E non manca mai chi, in inverno o in estate, fermo sul Colle del Termine a oltre 1500 metri, cerca all’orizzonte la gigantesca scritta “Dux”: fu realizzata nel 1939 dagli allievi della Scuola delle Guardie Forestale di Cittaducale sul monte Giano nel Comune di Antrodoco (Rieti), piantando 20mila abeti su una superficie di otto ettari. Distrutta da un incendio, è stata recuperata e ora è di nuovo là, come un’installazione di arte contemporanea, a ricordare quando “c’era lui”. Si vede anche dal Gianicolo e da Monte Mario, a Roma, sulla destra del Terminillo, e specie quando c’è la neve, le tre faraoniche lettere appaiono più evidenti, suscitando lo stupore e lo sconcerto dei turisti stranieri.

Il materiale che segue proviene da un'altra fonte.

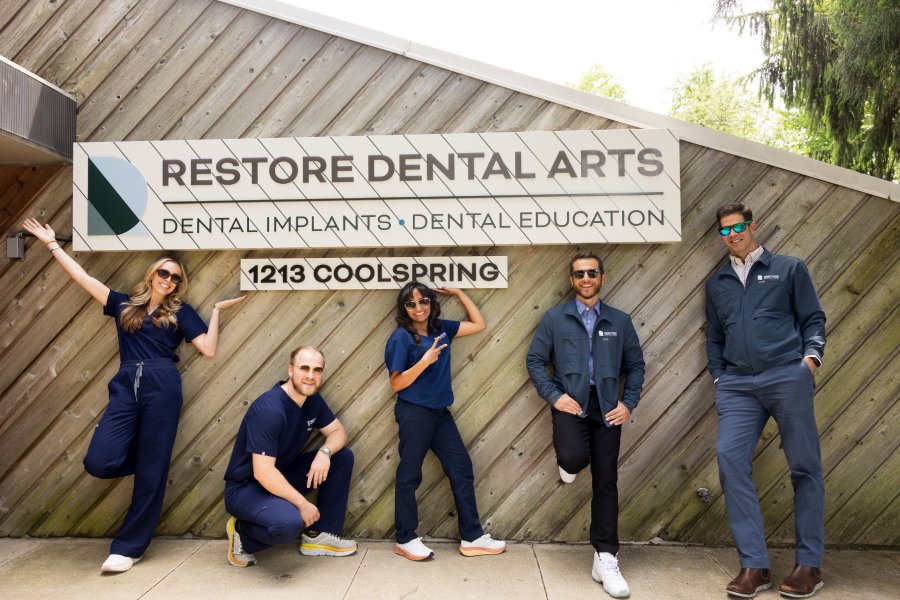 Five dental team members in scrubs posing outside a wooden wall sign that reads Restore Dental Arts, Dental Implants, Dental Education, 1213 Coolspring.
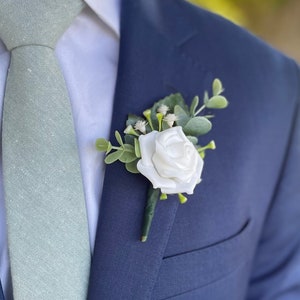 May include: A white rose boutonniere with greenery and small white flowers pinned to a navy blue suit jacket. A light green tie with a subtle pattern is visible. The image is a close-up of formal wear.
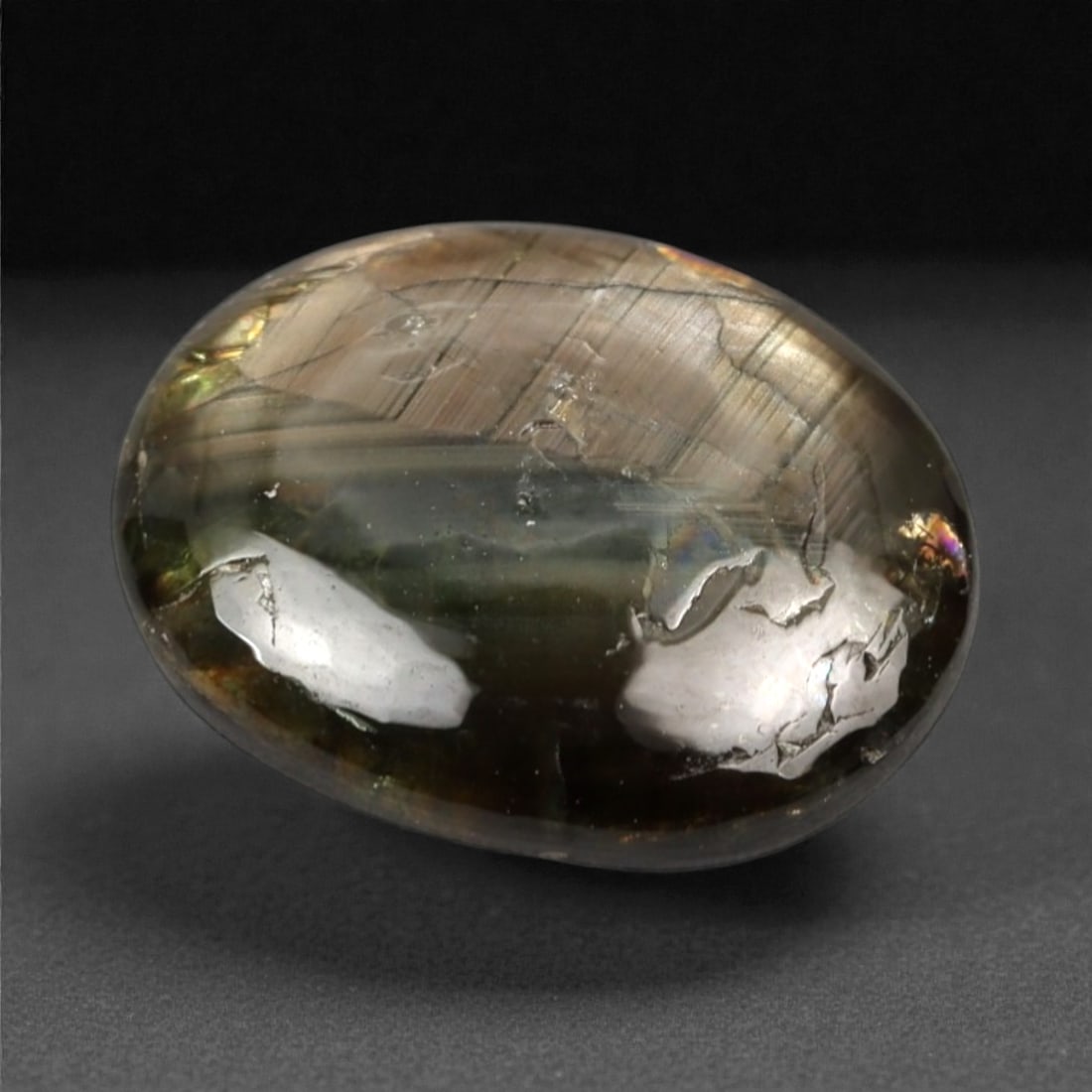 5.28 Carats Gold Sheen Sapphire Cabochon - Natural Burmese Stone, 327A: This exceptional oval cabochon-cut gold sheen sapphire from Burma exhibits a deep, velvety greenish-brown hue, reminiscent of twilight over a forested landscape. The stone is characterized by its stri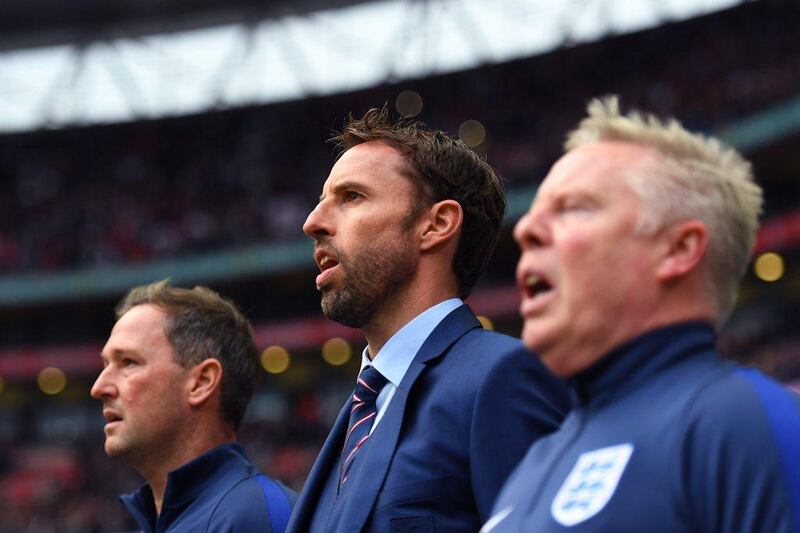England’s Gareth Southgate sings the national anthem ahead of the match. Laurence Griffiths / Getty Images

«Il mercato dello sci da discesa è ormai maturo: anche nelle località dolomitiche – sostiene Marco Briscolini, socio Touring e frequentatore assiduo del Terminillo – si punta a destagionalizzare attività e servizi, riqualificando l’offerta esistente e potenziando attività oltre lo sci come mountain bike, free climbing, turismo equestre, passeggiate botaniche, ciaspolate, scivolate con lo slittino».
Quelle che il duce spesso praticava sulla “sua” montagna, preferendole allo sci che, come ha raccontato il maestro Cesco Kostner, gli risultava ostico. Questo non gli impedì di innamorarsi di questa neve, e di questa montagna.